Before the change, the method looked the same except for the try - except around get_object.

I also had to make one more change: since I use drf_social_oauth2 to handle authentication, I had to add a method to the authentication pipeline: social_core.pipeline.social_auth.associate_by_email—without this, a new user would be created when the person would log in for the first time, regardless of whether someone had already created an account with their email address with the above method. This method allows actually re-using the existing account upon the user’s first login.

A few things I still need to think about:

  • are there any possible security risks associated with having the email input like that in a query param and uses as-is to create an account?
  • drf_social_oauth2 calls this method to give a username to new users. Currently, I’m just setting the username as the email address. This isn’t terribly important as the username is never used anywhere, but for consistency I’d like to re-use the logic of the method by social_core, but I can’t quite just put it in there as it depends on the auth backend used at runtime and a bunch of other things.

How does this approach look to you?

I’m going to assume that this view is protected against access by unauthenticated requests. I’m also assuming you’ve got some “sanity” test for the input. (Rule #1 is to never trust input.)

If so, then I would say that the risks are minimal-to-negligible.

As for your other questions or comments, I’m not really the person to answer those. I don’t use heavy front ends, oauth, or DRF.

1 Like

Correct. In fact, only users with certain authorization privileges can access this view.

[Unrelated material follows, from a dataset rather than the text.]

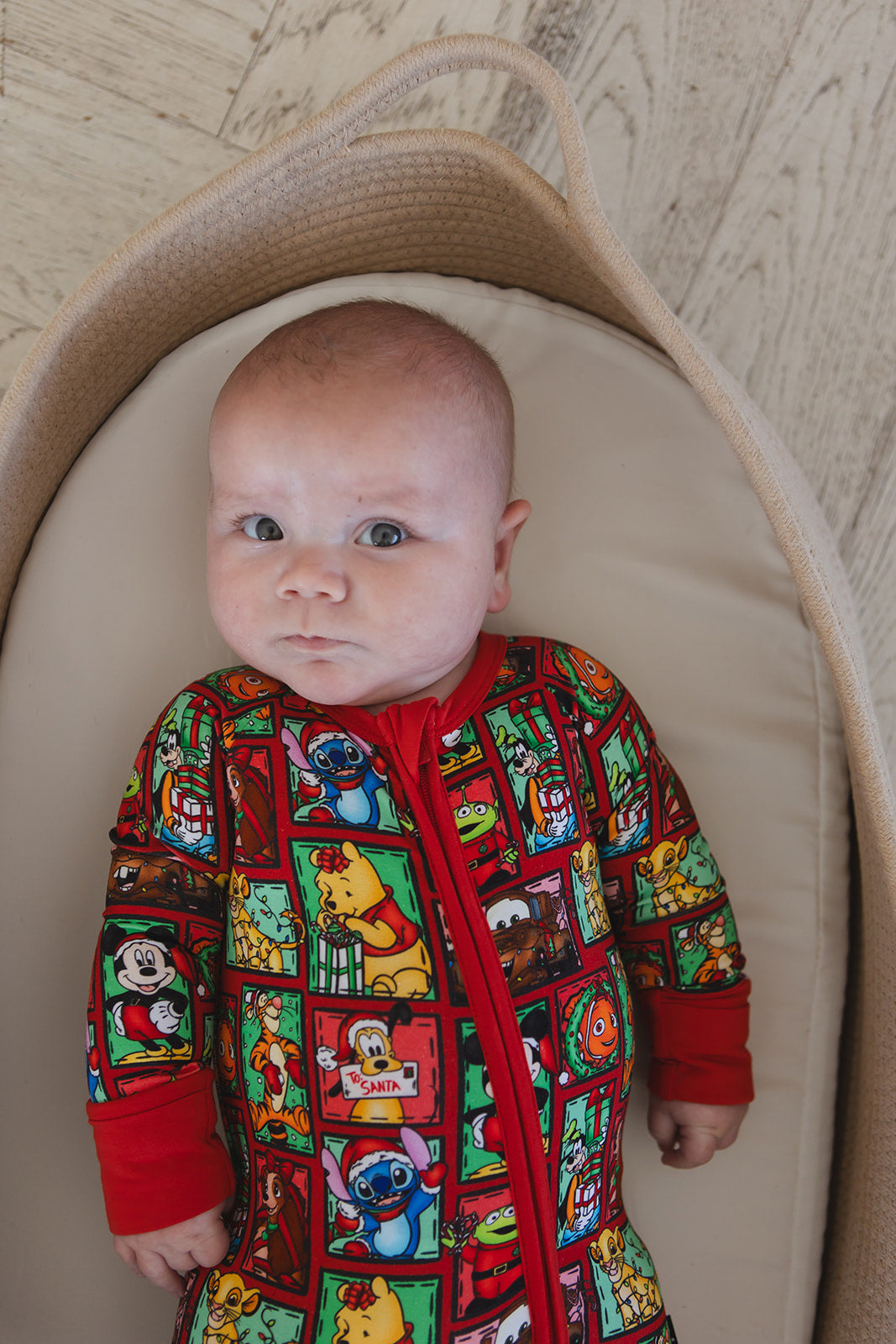 Countdown to Christmas - Zippy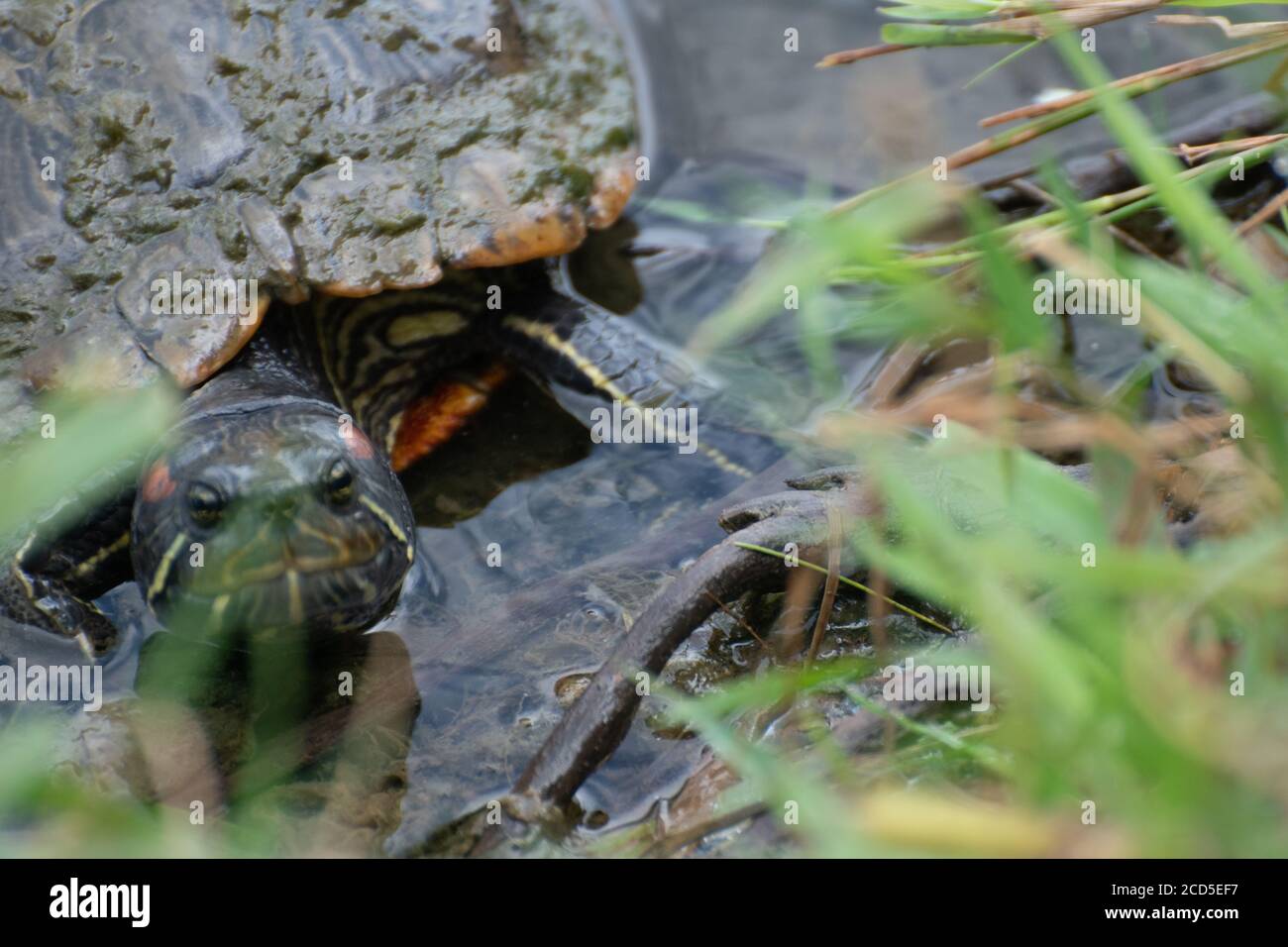 Schildkröte kriecht aus dem Teich auf Shore Stockfoto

I crafted the example above in a hurry, but this is actually what’s going on: I created a specialized serializer which looks like this:

class UserCreationSerializer(serializers.ModelSerializer):
    """
    A write-only serializer to create a user from an email address.
    It's used in certain views, such as the one to set user permissions, to
    preemptively create user accounts to assign certain relationships.
    """

    class Meta:
        model = User
        fields = ["email"]

    def create(self, validated_data):
        # set username to hold the same value as email
        validated_data["username"] = validated_data["email"]
        return super().create(validated_data)

which should provide more than enough validation, and fits in nicely with the rest of my application, since serializers are how I’m validating all incoming data. The email address provided in the query params is now being passed as data to this serializer, instead of directly as an argument to the user manager.

1 Like